--- Data for the task ---

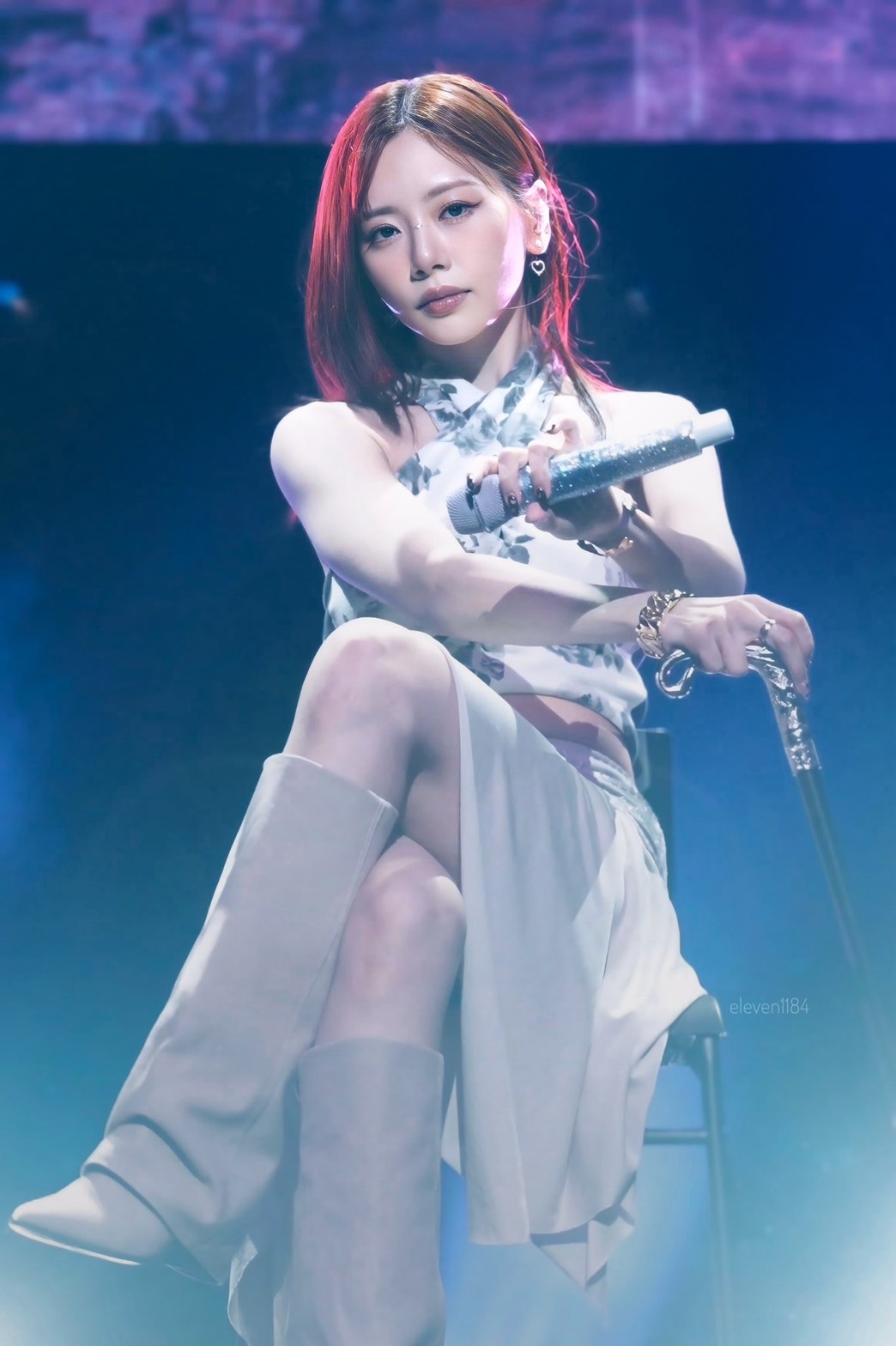Recent activity shot of JI U (DREAMCATCHER)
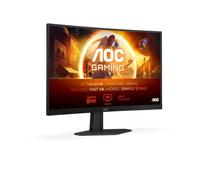 AOC Gaming C27G4ZXED - 27 Pouces FHD Curved Monitor, 280Hz, 1ms, HDR10, FreeSync Premium (1920x1080, HDMI, DisplayPort) Noir/Gris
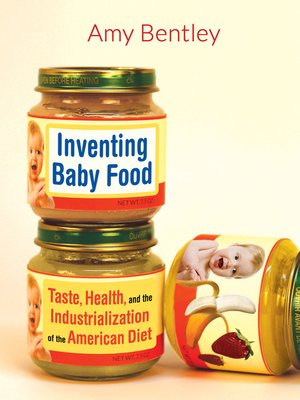 cover image of Inventing Baby Food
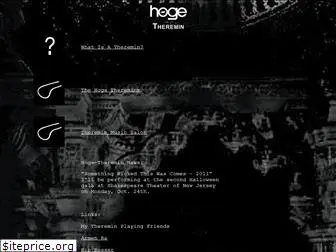 hoge-theremin.com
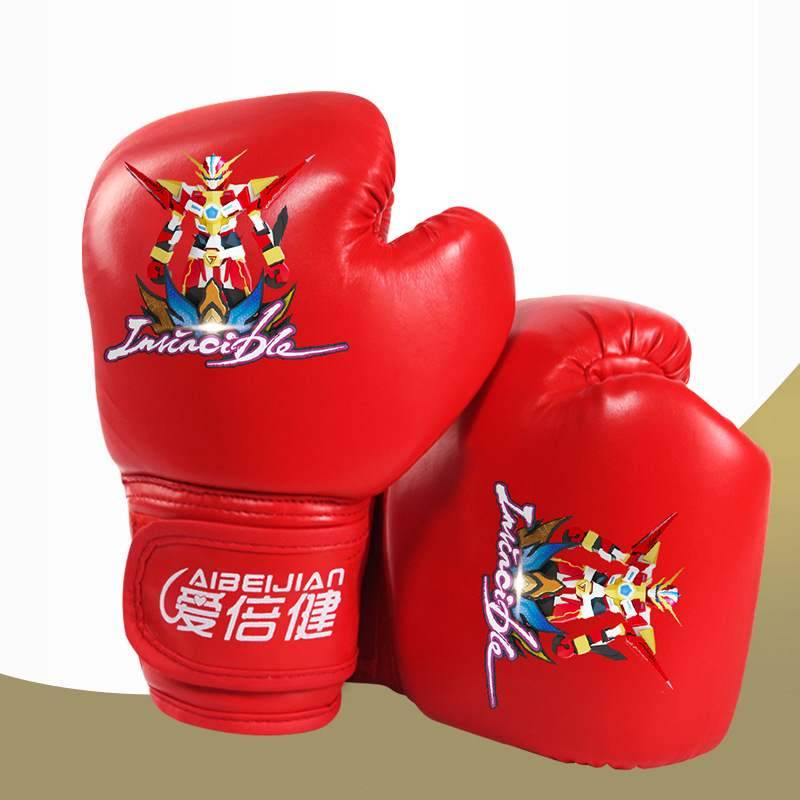 Red "Breather" children's boxing kit for beginners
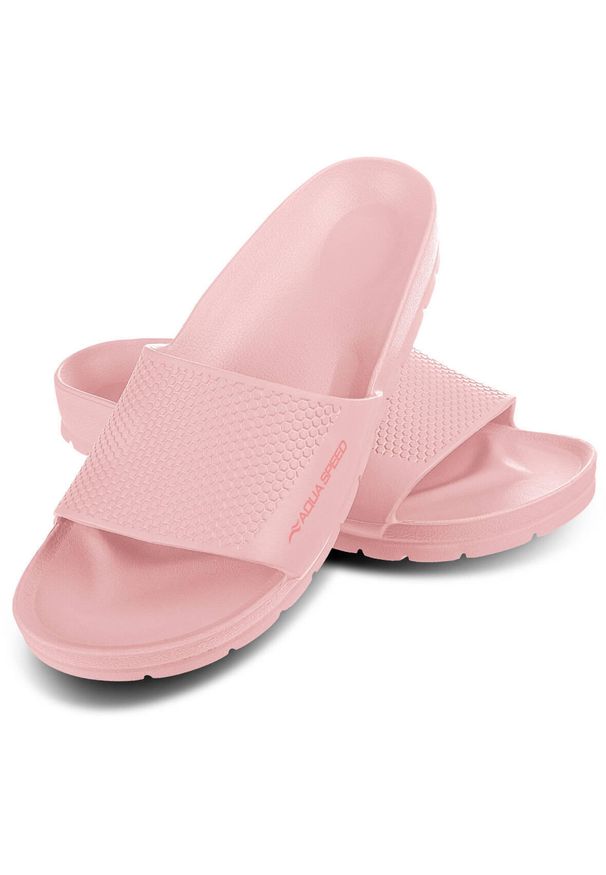 Klapki basenowe unisex Aqua Speed Oslo. Kolor: różowy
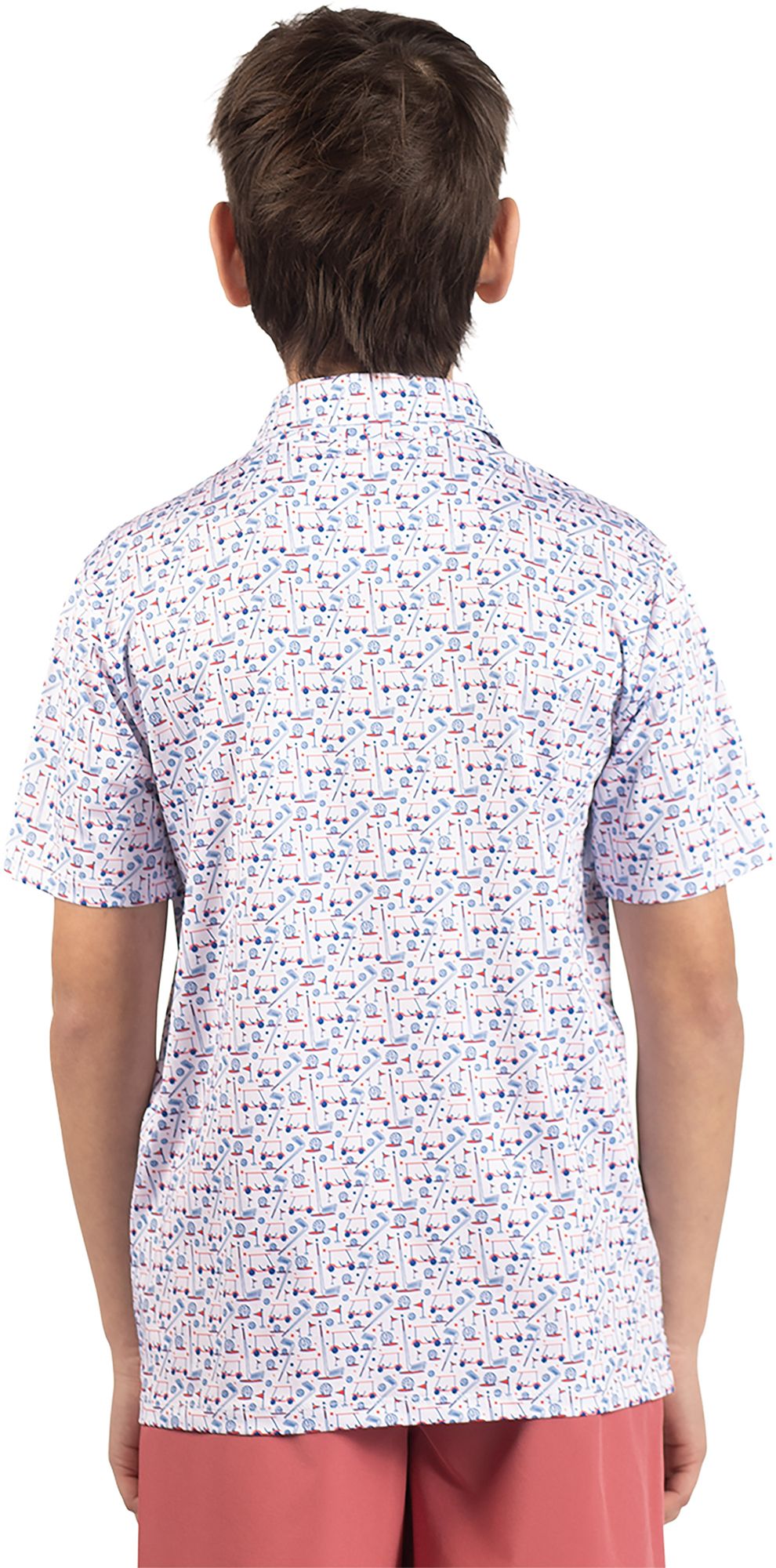 TailorByrd Boys' Hole in One  Performance Polo product image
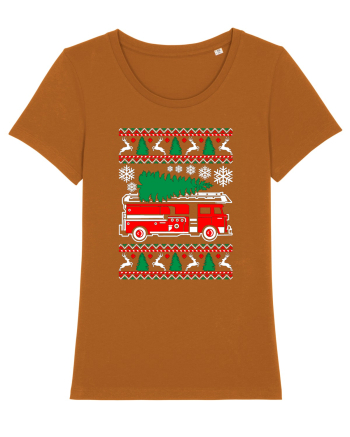 Fire Fighter Santa Roasted Orange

--- Work order ---
Return the material exactly as given, apart from the pictures.

--- Solution to this exercise ---
Recent activity shot of JI U (DREAMCATCHER)
 AOC Gaming C27G4ZXED - 27 Pouces FHD Curved Monitor, 280Hz, 1ms, HDR10, FreeSync Premium (1920x1080, HDMI, DisplayPort) Noir/Gris
 cover image of Inventing Baby Food
 hoge-theremin.com
 Red "Breather" children's boxing kit for beginners
 Klapki basenowe unisex Aqua Speed Oslo. Kolor: różowy
 TailorByrd Boys' Hole in One  Performance Polo product image
 Fire Fighter Santa Roasted Orange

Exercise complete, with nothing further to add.